La sepoltura di Alarico nel fiume Busento. Illustrazione da Die Gartenlaube, A. Bauer, 1867/1873. © Wikimedia Commons/Pubblico dominio
Intorno alla metà del Settecento, si ricorda che Ettore Capecelatro, governatore della città, fece condurre cinque giorni di scavi infruttuosi nel fiume; qualche altro vano tentativo fu effettuato nel secolo successivo, ma è nel Novecento che si conta il maggior numero di interventi, a partire da quello del 1937 della radioestesista francese Amélie Crevolin. Dichiarando di aver individuato il punto esatto della sepoltura grazie al suo pendolino, la donna fu autorizzata a indagare a fondo il fiume. L’attività non produsse risultati concreti, ma ebbe grande risonanza, e addirittura l’effetto di spingere Himmler in persona, il capo delle SS naziste, a recarsi a Cosenza. In quel caso l’intento era di “germanizzare” Alarico e annoverare così un prestigioso antenato nella propaganda razzista del Reich; non vi fu alcun esito, ma si contribuì ad alimentare la leggenda corredandola di un ulteriore alone di misticismo. Così nel 1968 vennero ripresi alcuni passi di Rutilio Benincasa, astrologo cosentino del XVI secolo, interpretando i quali ci si convinse che bisognava indagare sotto il pavimento della chiesa di S. Pancrazio. Poi, tra il 1986 e il 1989, lo svedese Erik Furugard, rifacendosi ancora a Jordanes, dichiarò che il tesoro era nel punto in cui il torrente Piedimonte confluisce nel Busento, e nei primi anni ’90 si chiese alla Soprintendenza di effettuare scavi in una grotta tra Carolei e Mendicino. Più di recente, l’avvento dei social ha consolidato il mito, con un proliferare di comunità virtuali che anelano fortemente al ritrovamento del tesoro, con aperti inviti, anche da parte di figure istituzionali, a sfruttare la figura di Alarico, se non altro come attrattiva turistica.

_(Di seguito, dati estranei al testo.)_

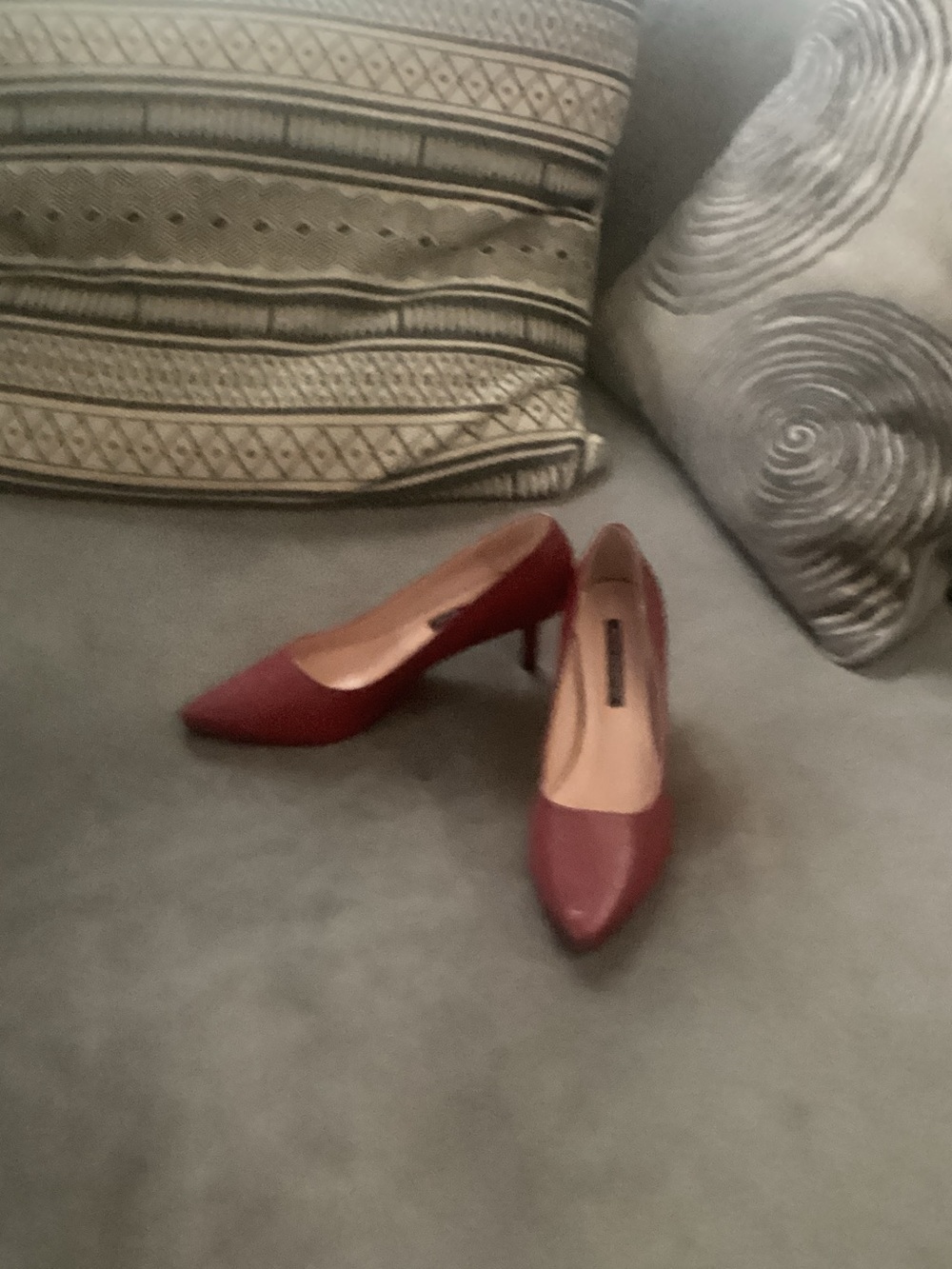 French Connection Burgundy Pointed Toe Mid-Heel Pumps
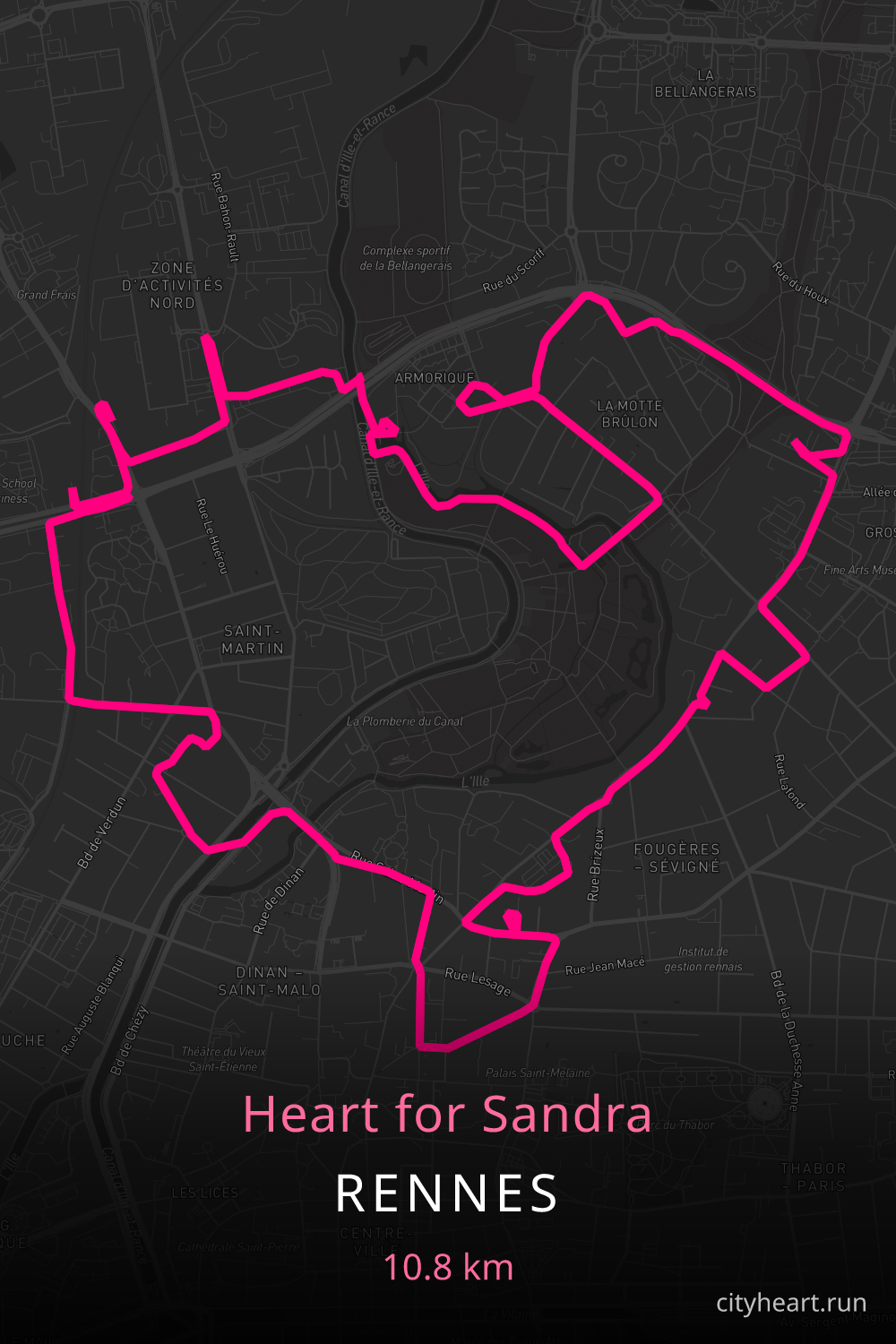 Heart-shaped running route in Rennes, 11.9 km — GPS art for Strava
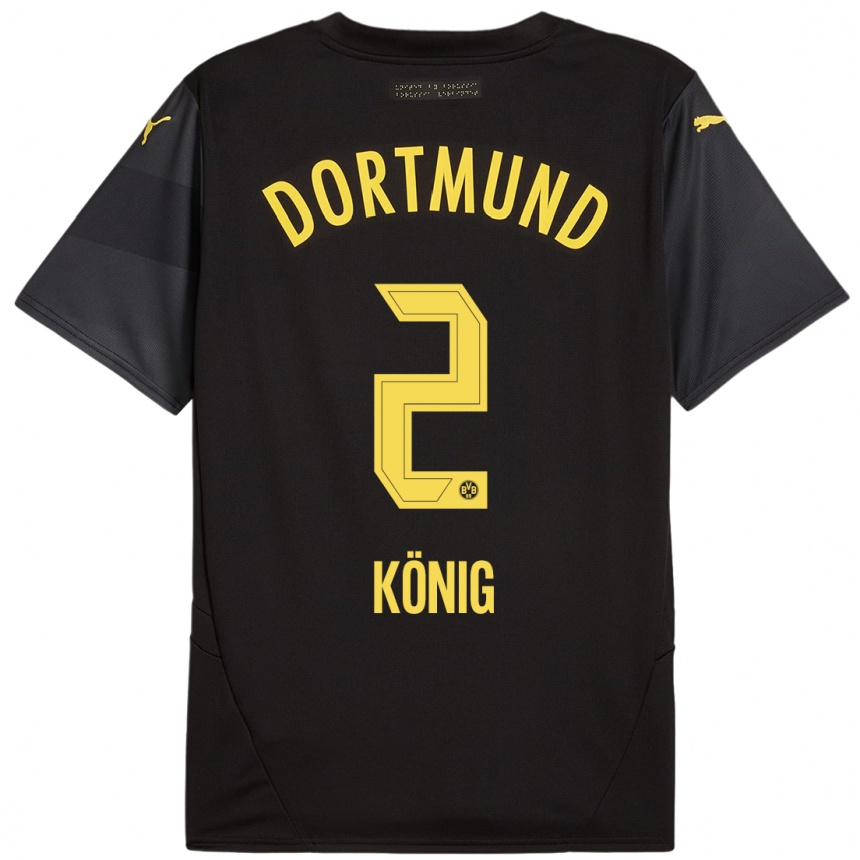 Vyrai Niklas König #2 Juoda Geltona Išvykos Marškinėliai 2024/25 T-Shirt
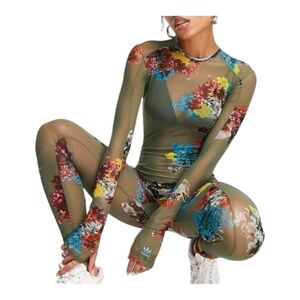 Floral Mesh Jumpsuit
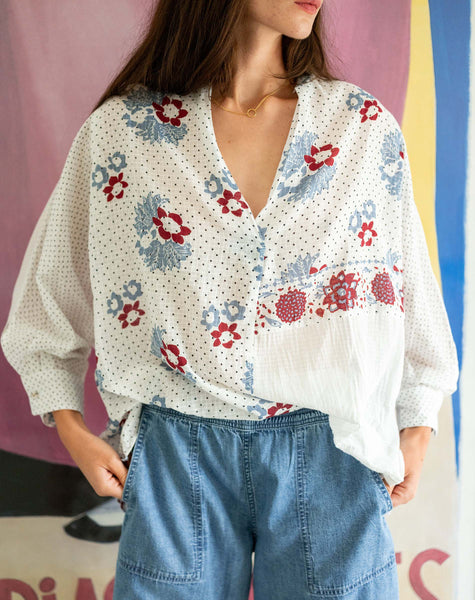Sarah Top by Stella Forest X MERSEA | Long-Sleeve Patchwork Shirt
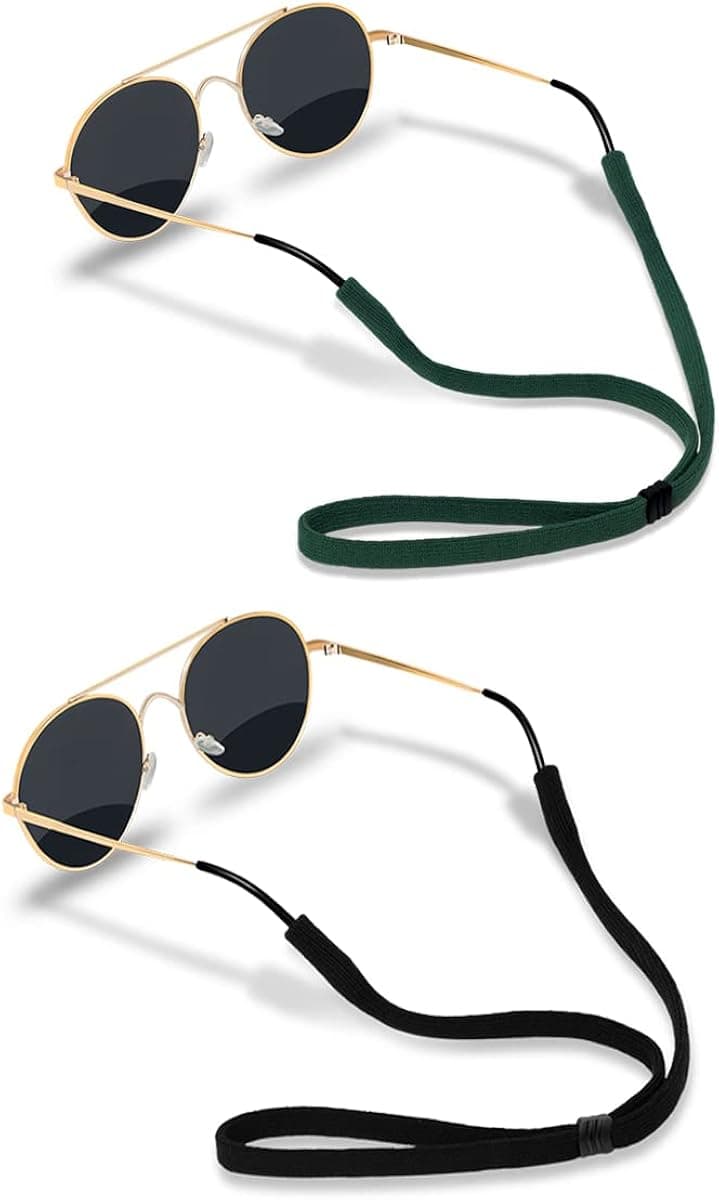 HALF CRESCEN Glasses Strap (2 PCS) Sports Eyeglass Strap Adjustable Sunglasses Retainer for Men Women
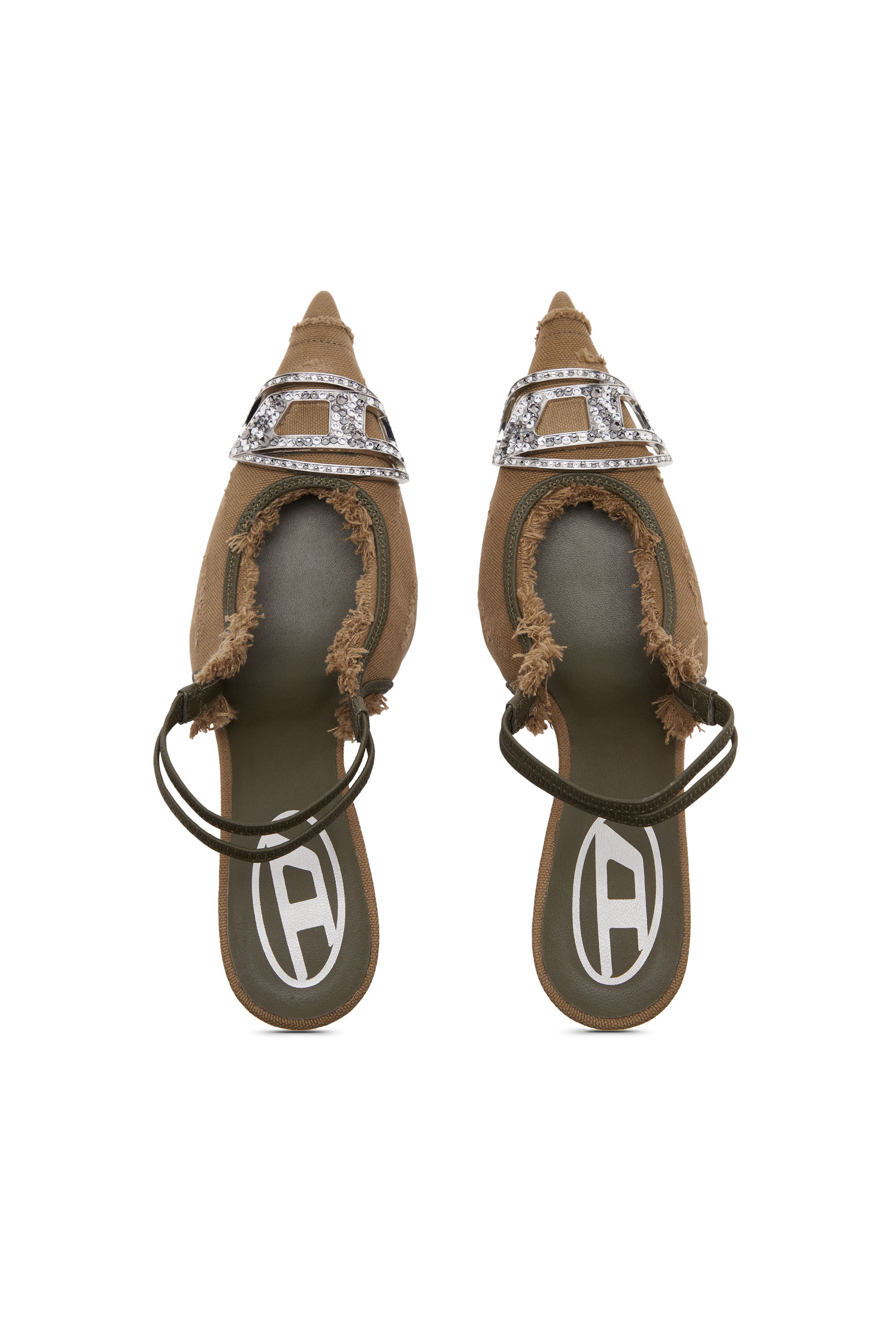 Diesel - D-VENUS SB, Female's D-Venus-Slingback pumps in distressed canvas in ミリタリーグリーン - 5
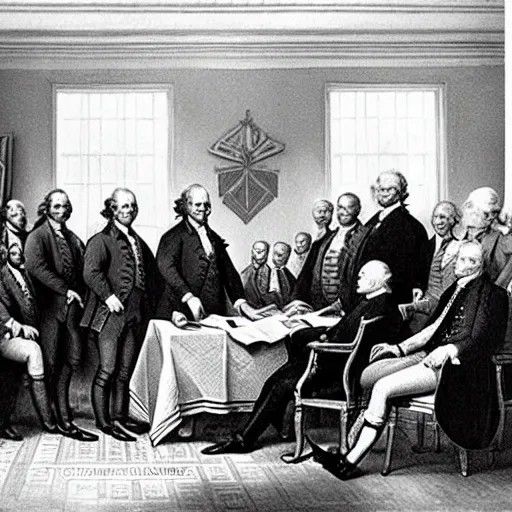 Prompt: old photograph of among us at the signing of the declaration of independance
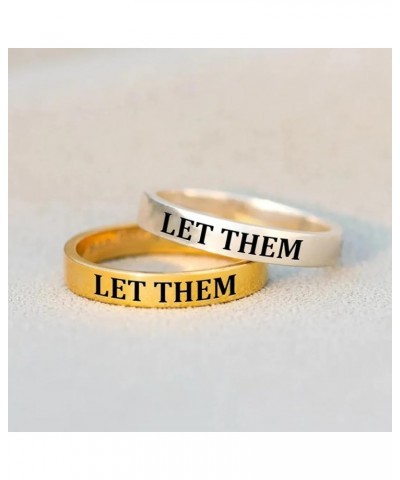 Let Them Ring, S925 Let Them Circle Ring, Self Worth Motivational Ring, Stainless Steel Stackable Rings Inspirational Friends...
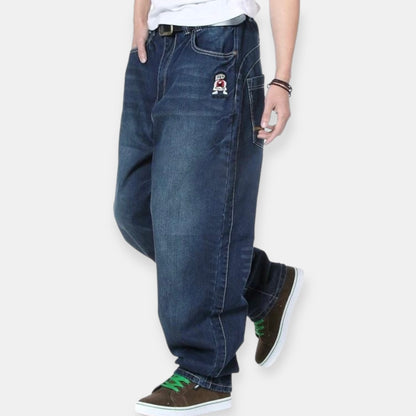 Baggy Embroidered Dark Blue Jeans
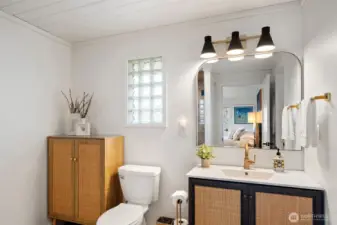 Freshly renovated 3/4 bathroom.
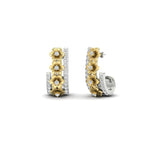 Load image into Gallery viewer, Beautiful Flower Two Tone Diamond J Hoops Earrings
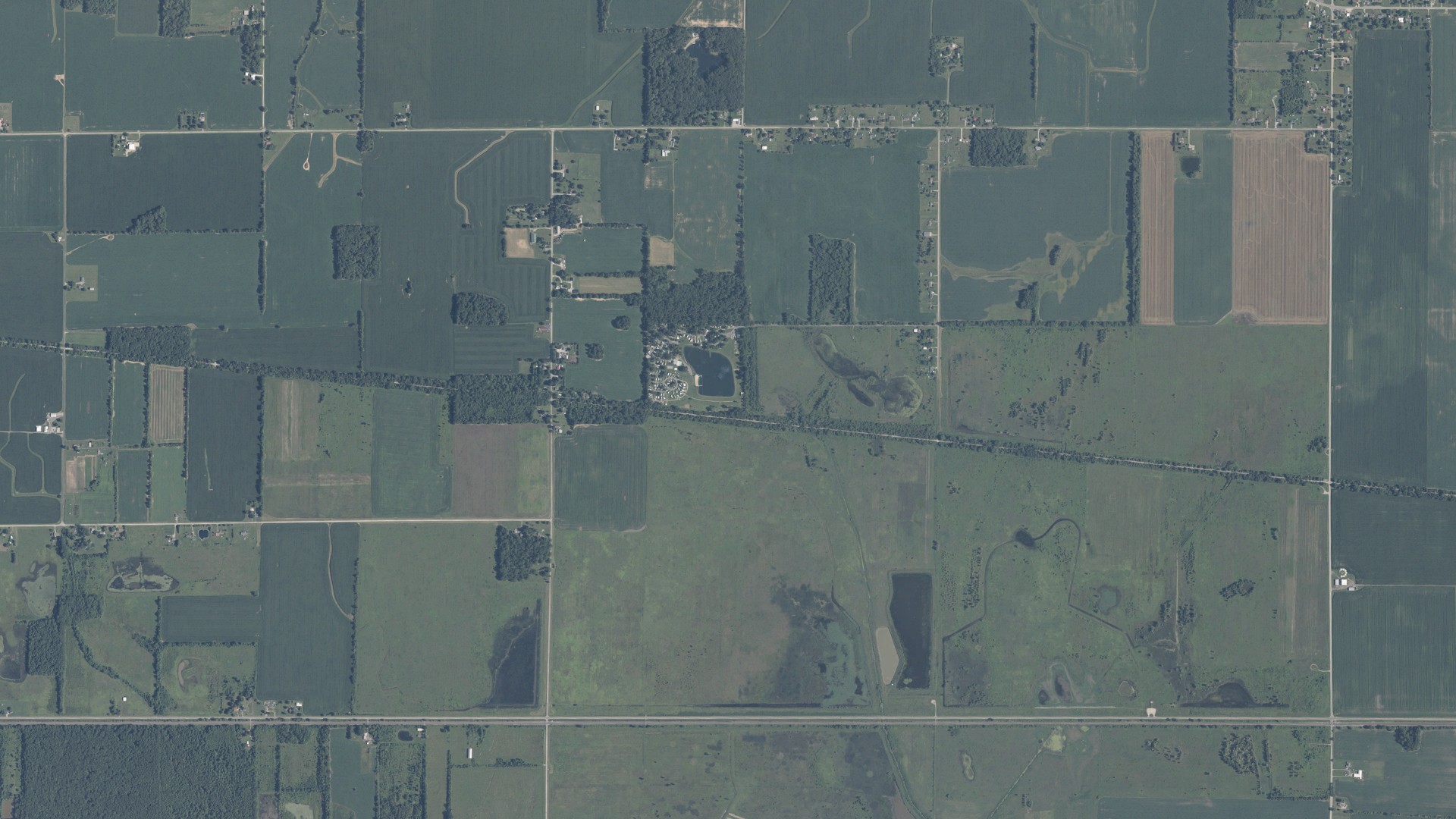 Aerial view of land around Big Island, Ohio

Infatti la caccia vera e propria è riaperta oggi più che mai. Nel 2016 si è dovuto addirittura pronunciare il Ministero dei Beni Culturali, negando i finanziamenti richiesti dal Comune di Cosenza per condurre una ricerca sistematica del tesoro nel Busento. E anche in questo caso, come per San Claudio al Chienti, nel 2024 una schiera di archeologi e storici ha sottoscritto un appello all’allora ministro Sangiuliano per bloccare la costruzione del Museo di Alarico (già fermata con un provvedimento del 2018, poi annullato nel 2022). Nello stesso appello è stata chiesta anche la rimozione della statua di “Brettia” eretta nel 2023 nel centro storico di Cosenza, presentata senza alcun fondamento storico quale mitica fondatrice della città e generatrice dell’etnonimo Bruzi.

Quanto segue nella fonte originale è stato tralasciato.